--- EXERCISE DATA ---

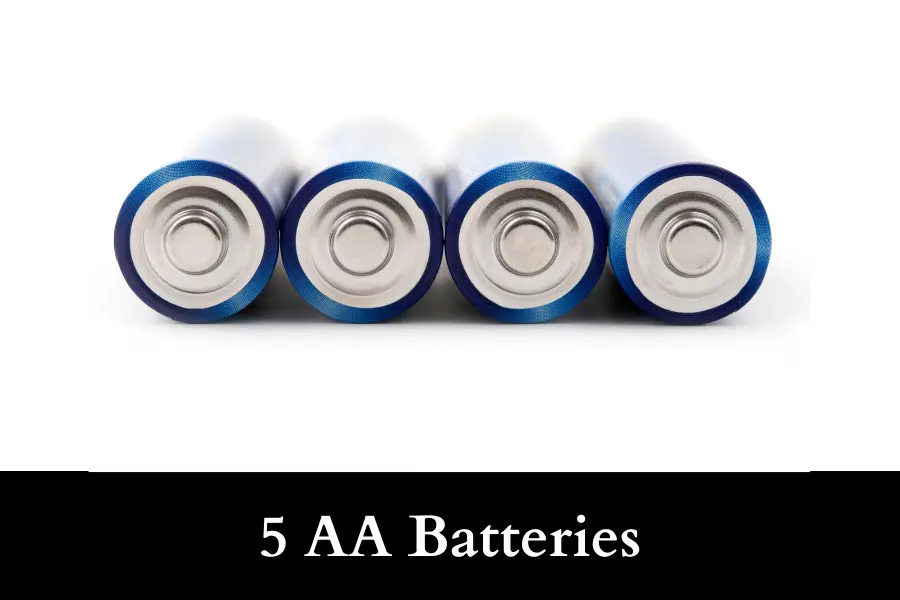 5 AA Batteries are 10 Inches Long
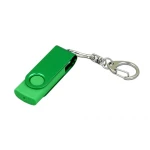 USB 2.0- флешка промо на 16 Гб с поворотным механизмом и однотонным металлическим клипом, зеленый, фото 1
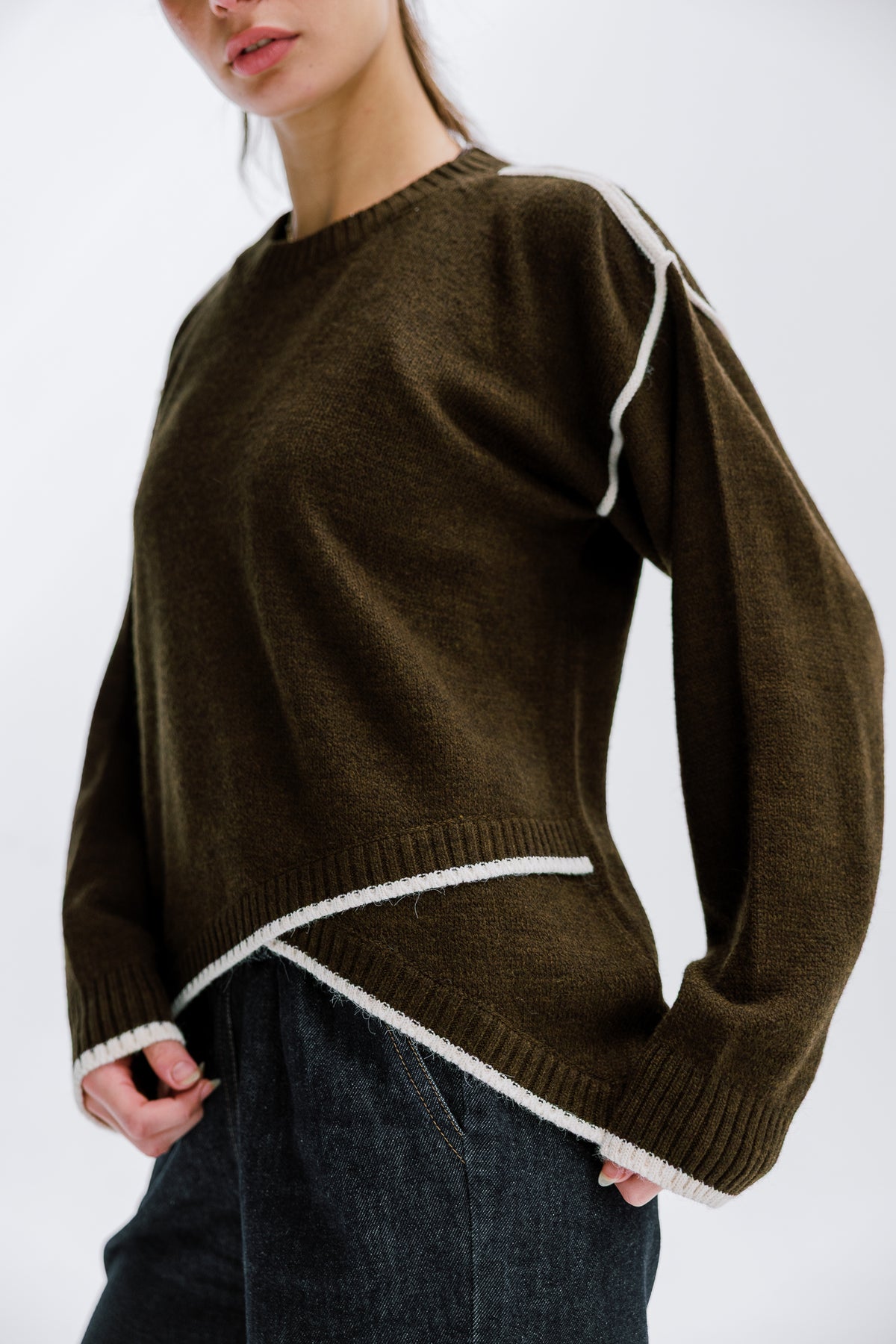 Cozy Contrast Knit in Olive brown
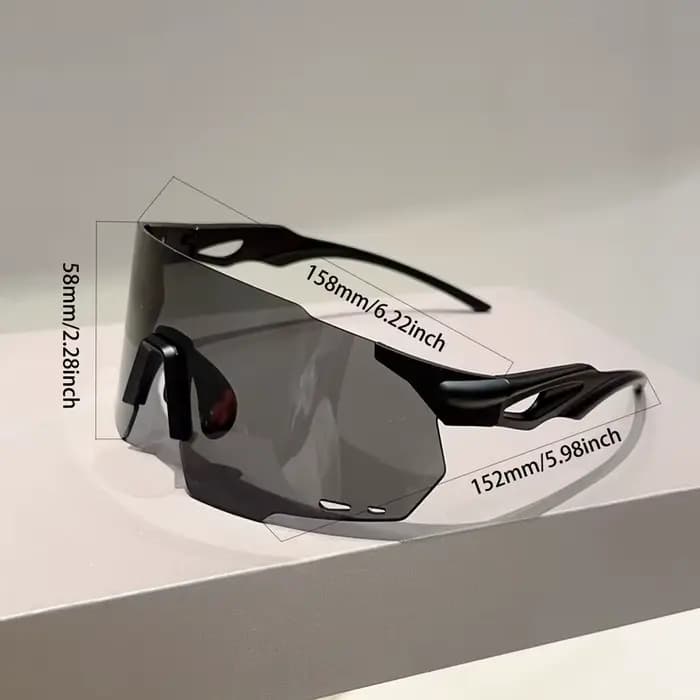 KAMMPT – lunettes surdimensionnées sans bords pour hommes, miroir rond enveloppé, lunettes de soleil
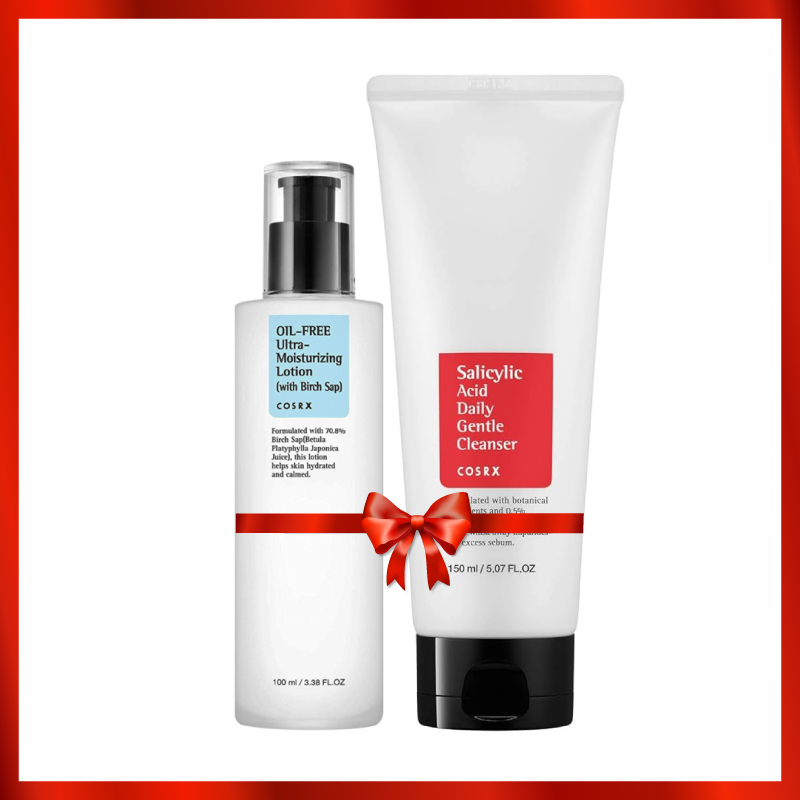 Acne + Oily Skincare [Cosrx Salicylic Acid Daily Gentle Cleanser (150ml)+Cosrx Oil free Ultra-moisturizing Lotion With Birch Sap (100ml)]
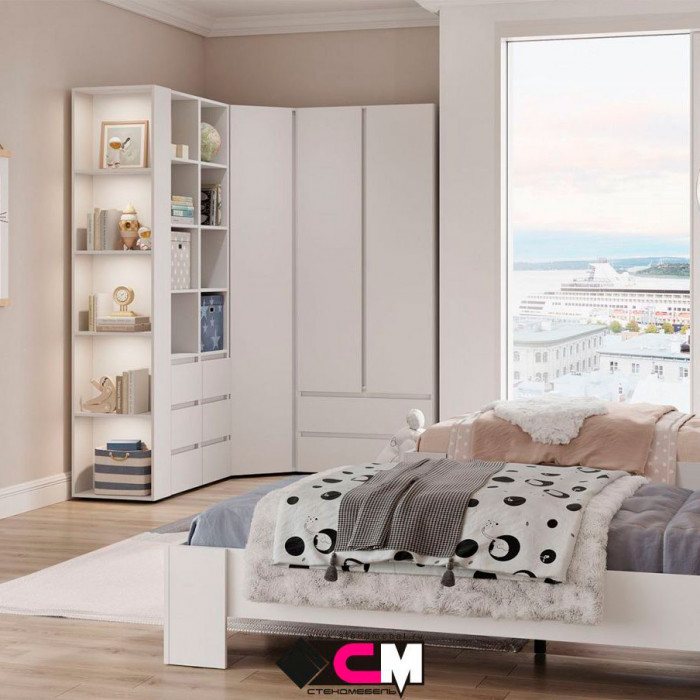 Хелен ШК 01 Шкаф 2х створчатый(0,800х2,100х0,460) белый/дуб крафт золото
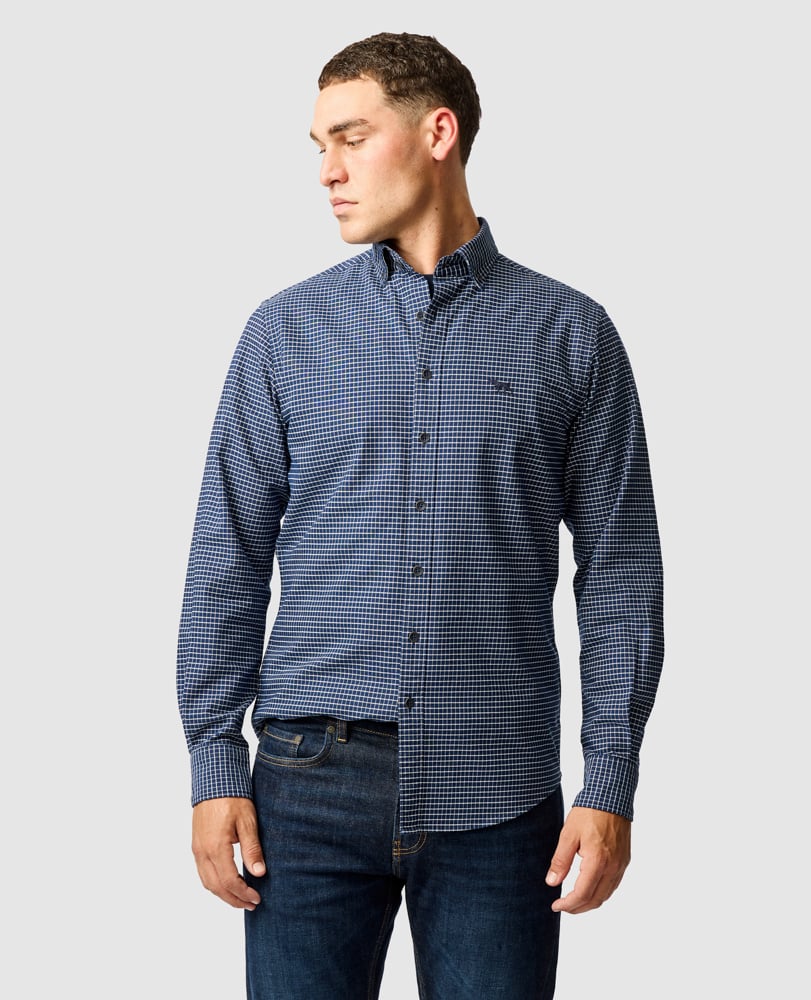 GUNN CHECK OXFORD 5 SPORTS FIT SHIRT MIDNIGHT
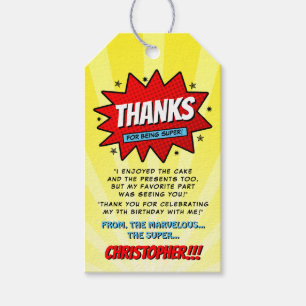 Superhjälte Tecknad Bok Vilken ålder som helst föd Presentetikett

---

> **WORK TO BE COMPLETED**: Locate "KAMMPT – lunettes" in the entries above. Copy, exactly and only, the lines from that line to the end, leaving out the pictures.

> **TASK OUTPUT**:
 KAMMPT – lunettes surdimensionnées sans bords pour hommes, miroir rond enveloppé, lunettes de soleil
 Acne + Oily Skincare [Cosrx Salicylic Acid Daily Gentle Cleanser (150ml)+Cosrx Oil free Ultra-moisturizing Lotion With Birch Sap (100ml)]
 Хелен ШК 01 Шкаф 2х створчатый(0,800х2,100х0,460) белый/дуб крафт золото
 GUNN CHECK OXFORD 5 SPORTS FIT SHIRT MIDNIGHT
 Superhjälte Tecknad Bok Vilken ålder som helst föd Presentetikett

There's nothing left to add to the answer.